И по продрогу тяжелощёкого, прямоугольного лица доктора Хееба – выказывалось, что и он – впервые осознавал всё совершённое лишь теперь. Только тут стала открываться мне картина развала, запутанности всех моих издательских дел и полной связанности рук: ещё не начав движений в этом свободном мире – я был всем обязан, связан, перевязан, – и неизвестно как из этого всего выпутываться. Всюду какие-то дыры и дыры, куда утёк ещё не отвердевший бетон.
Да главное – не было у меня ни времени, ни настроения этим заниматься: я – разгадывал Ленина в Цюрихе.

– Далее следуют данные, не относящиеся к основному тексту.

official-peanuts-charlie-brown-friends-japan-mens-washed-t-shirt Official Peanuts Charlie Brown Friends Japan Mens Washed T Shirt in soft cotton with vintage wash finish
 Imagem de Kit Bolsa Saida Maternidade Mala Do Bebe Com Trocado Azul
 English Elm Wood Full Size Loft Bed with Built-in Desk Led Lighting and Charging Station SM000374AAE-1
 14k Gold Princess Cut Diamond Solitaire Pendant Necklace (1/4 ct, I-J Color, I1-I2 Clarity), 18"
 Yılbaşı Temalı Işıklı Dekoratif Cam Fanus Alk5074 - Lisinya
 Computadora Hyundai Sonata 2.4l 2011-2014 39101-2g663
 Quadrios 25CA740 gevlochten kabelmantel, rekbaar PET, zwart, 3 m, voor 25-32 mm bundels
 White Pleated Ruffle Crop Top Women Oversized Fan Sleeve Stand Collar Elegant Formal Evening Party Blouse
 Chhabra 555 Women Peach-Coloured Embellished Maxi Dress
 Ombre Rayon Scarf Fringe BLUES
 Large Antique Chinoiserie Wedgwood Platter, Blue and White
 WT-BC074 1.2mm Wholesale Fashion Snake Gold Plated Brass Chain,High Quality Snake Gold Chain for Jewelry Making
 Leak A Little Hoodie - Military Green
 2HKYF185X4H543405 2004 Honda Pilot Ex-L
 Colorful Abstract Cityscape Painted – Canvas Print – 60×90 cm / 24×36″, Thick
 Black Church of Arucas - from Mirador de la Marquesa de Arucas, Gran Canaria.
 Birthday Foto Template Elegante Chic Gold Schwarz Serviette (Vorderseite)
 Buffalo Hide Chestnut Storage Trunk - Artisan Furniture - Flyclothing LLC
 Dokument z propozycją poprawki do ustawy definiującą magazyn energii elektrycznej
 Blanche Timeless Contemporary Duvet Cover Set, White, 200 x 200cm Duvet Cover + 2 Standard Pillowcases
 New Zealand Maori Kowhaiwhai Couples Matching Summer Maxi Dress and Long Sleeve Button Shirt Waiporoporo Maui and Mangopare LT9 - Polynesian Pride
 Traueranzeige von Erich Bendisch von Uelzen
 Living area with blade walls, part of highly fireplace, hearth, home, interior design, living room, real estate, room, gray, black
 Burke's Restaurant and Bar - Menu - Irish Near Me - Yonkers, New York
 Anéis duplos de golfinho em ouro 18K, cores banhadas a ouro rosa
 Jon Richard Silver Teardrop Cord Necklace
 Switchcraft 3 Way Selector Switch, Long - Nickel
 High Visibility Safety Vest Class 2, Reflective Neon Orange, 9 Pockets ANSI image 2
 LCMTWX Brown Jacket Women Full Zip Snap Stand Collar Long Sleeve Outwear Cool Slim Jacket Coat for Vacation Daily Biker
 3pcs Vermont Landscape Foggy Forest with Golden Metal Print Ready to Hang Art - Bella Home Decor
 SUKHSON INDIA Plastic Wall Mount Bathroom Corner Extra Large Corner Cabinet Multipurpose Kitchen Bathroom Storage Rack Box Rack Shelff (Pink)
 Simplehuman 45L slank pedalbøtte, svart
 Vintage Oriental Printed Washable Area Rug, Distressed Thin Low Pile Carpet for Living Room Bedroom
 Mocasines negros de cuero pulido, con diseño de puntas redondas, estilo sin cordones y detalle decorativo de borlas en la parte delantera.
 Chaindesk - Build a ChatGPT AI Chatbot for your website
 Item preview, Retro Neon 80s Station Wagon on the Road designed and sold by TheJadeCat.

И я всё время сравнивал людей здесь, на Западе, и людей там, у нас, – и испытывал к западному миру печальное недоумение. Так что ж это? Люди на Западе хуже, что ли, чем у нас? Да нет. Но когда с человеческой природы спрошен всего лишь юридический уровень – спущена планка от уровня благородства и чести, даже понятия те почти развеялись ныне, – тогда сколько открывается лазеек для хитрости и недобросовести. Что вынуждает из нас закон – того слишком мало для человечности, – закон повыше должен быть и в нашем сердце. К здешнему воздуху холодного юридизма – я решительно не мог привыкнуть.
По горячности мне тою осенью хотелось выступить и публично: что вся система западного книгоиздательства и книготорговли совсем не способствует расцвету духовной культуры. В прежние века писатели писали для малого кружка высоких ценителей – но те направляли художественный вкус, и создавалась высокая литература. А сегодня издатель смотрит, как угодить успешной массовой торговле – так чаще самому непотребному вкусу; книгоиздатели делают подарки книготорговцам, чтоб их ублажить; в свою очередь авторы зависят от милости книгоиздательств; торговля диктует направление литературе. Что в таких условиях великая литература появиться не может, не ждите, она кончилась – несмотря на неограниченные «свободы». Свобода – ещё не независимость, ещё – не духовная высота.
Но я удержался: не все ж издатели таковы. (И потом убедился: нет, не все. Есть, есть и такие, кто не перестают видеть духовный компас.)